■ Exercise details: Your task is to restate word for word the lines in the material below, from the one with "May include: A cloud-shaped" up to and including the one with "a white tee". Do not carry over the pictures.

■ Recorded data:
★ ★ ★ ★

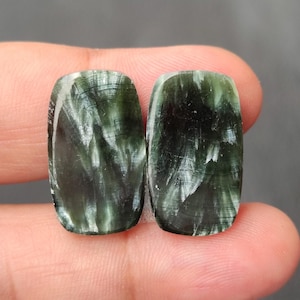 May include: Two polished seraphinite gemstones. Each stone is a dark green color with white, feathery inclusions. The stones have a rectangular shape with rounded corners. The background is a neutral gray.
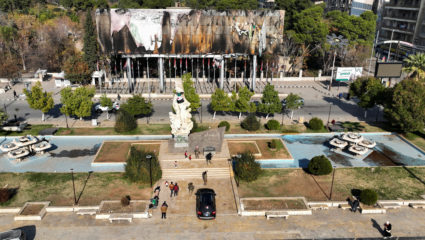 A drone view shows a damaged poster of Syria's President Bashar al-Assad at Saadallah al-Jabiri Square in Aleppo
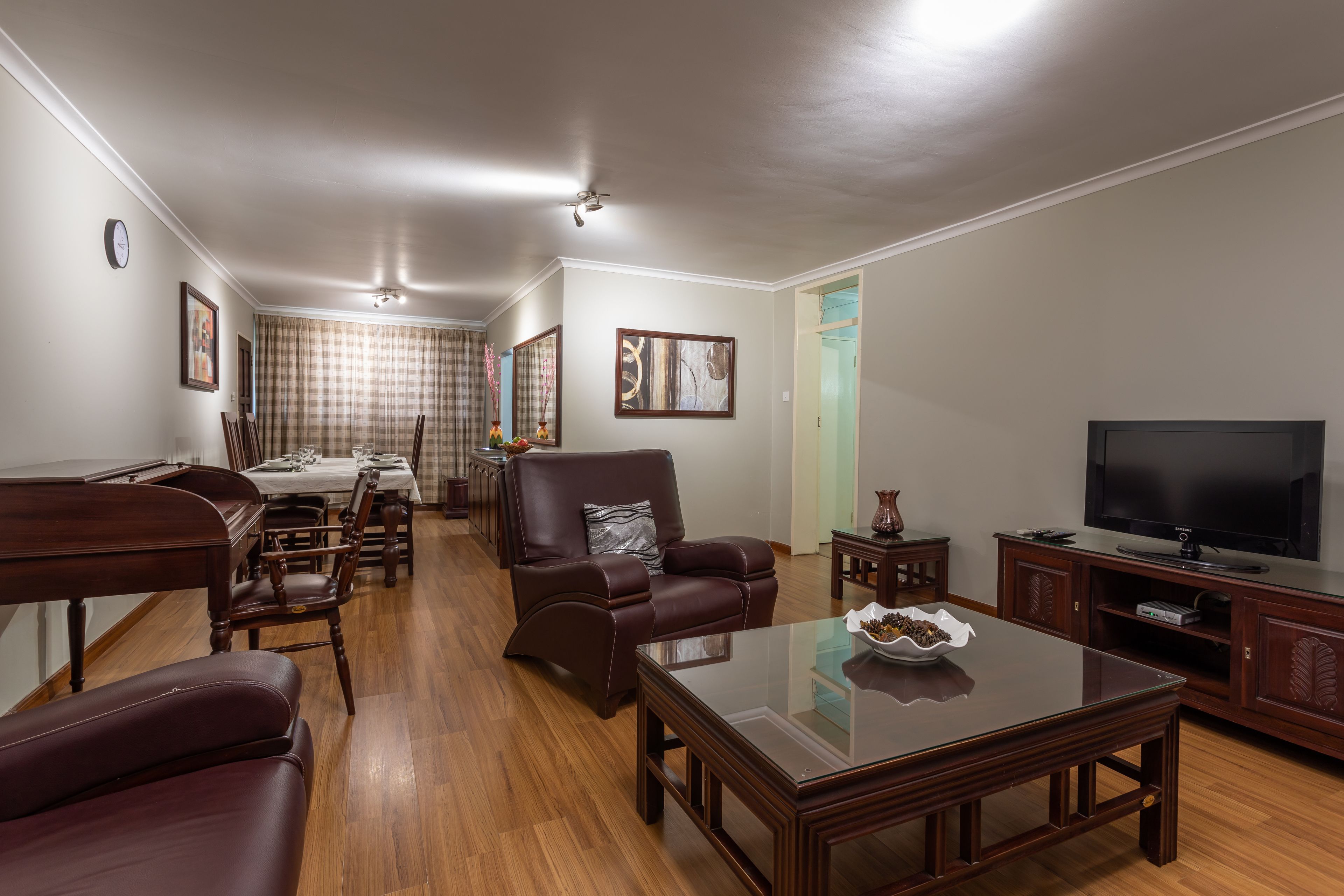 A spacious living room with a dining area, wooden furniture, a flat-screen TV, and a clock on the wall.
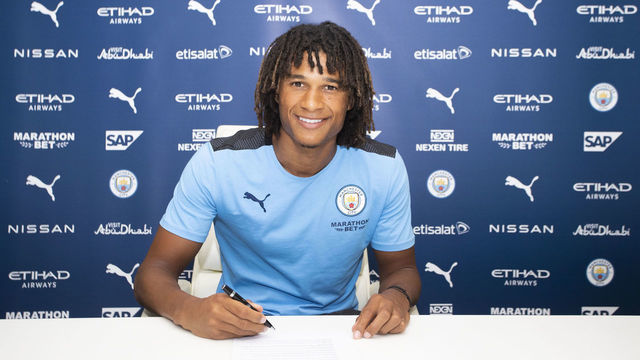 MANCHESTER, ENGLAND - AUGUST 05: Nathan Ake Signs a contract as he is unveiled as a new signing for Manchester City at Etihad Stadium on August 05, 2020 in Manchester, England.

★ ★ ★ ★

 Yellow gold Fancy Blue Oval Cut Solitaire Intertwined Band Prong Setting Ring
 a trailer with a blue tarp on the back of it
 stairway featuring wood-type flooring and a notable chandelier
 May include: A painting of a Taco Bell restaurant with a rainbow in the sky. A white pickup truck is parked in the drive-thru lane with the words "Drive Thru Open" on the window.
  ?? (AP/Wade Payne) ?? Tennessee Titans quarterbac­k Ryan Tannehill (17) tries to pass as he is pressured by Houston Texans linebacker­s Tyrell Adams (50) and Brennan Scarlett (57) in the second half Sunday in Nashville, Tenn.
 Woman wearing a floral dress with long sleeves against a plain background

★ ★ ★ ★

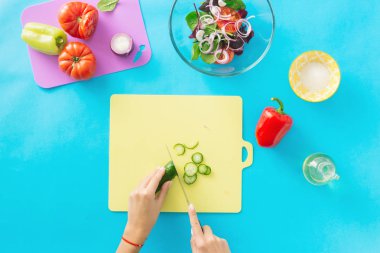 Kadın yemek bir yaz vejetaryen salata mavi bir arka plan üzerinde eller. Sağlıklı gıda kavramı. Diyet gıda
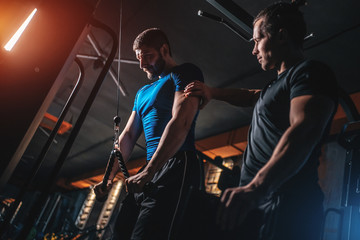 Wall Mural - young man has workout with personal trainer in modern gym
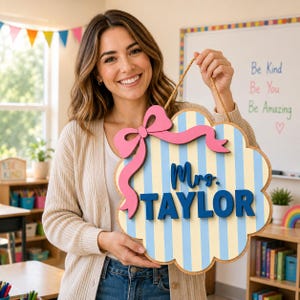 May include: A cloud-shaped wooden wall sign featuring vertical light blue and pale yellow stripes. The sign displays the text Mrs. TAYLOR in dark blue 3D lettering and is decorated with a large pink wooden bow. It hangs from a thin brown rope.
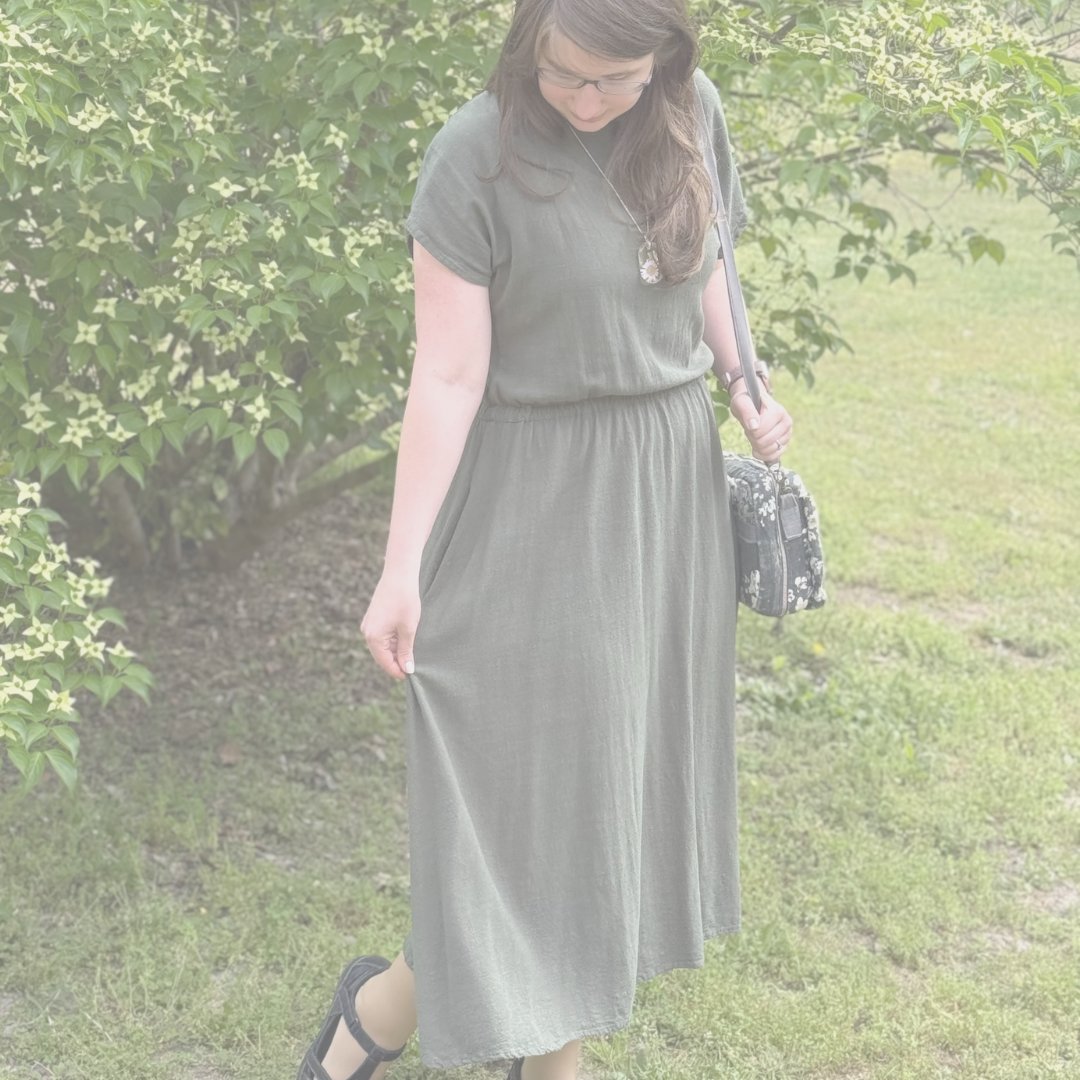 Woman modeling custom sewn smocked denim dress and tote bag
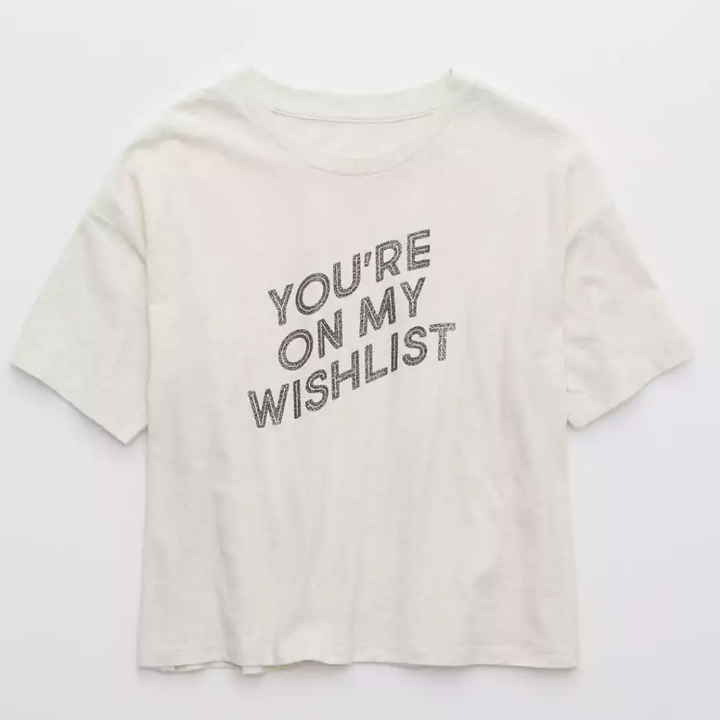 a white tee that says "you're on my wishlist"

★ ★ ★ ★

■ Reply:
 May include: A cloud-shaped wooden wall sign featuring vertical light blue and pale yellow stripes. The sign displays the text Mrs. TAYLOR in dark blue 3D lettering and is decorated with a large pink wooden bow. It hangs from a thin brown rope.
 Woman modeling custom sewn smocked denim dress and tote bag
 a white tee that says "you're on my wishlist"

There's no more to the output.